** Data for this task **
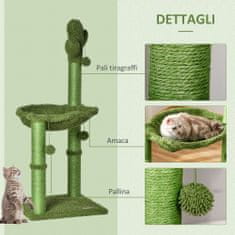 PAWHUT Drevo za praskanje
za mačke in
mačkone v obliki kaktusa s sisalovo vrvjo, žogicami in
visečo mrežo, višina
96 cm, zelena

** Exercise objective **
Repeat the listing in full and exactly. Do not include any images.

** Worked solution **
 PAWHUT Drevo za praskanje
za mačke in
mačkone v obliki kaktusa s sisalovo vrvjo, žogicami in
visečo mrežo, višina
96 cm, zelena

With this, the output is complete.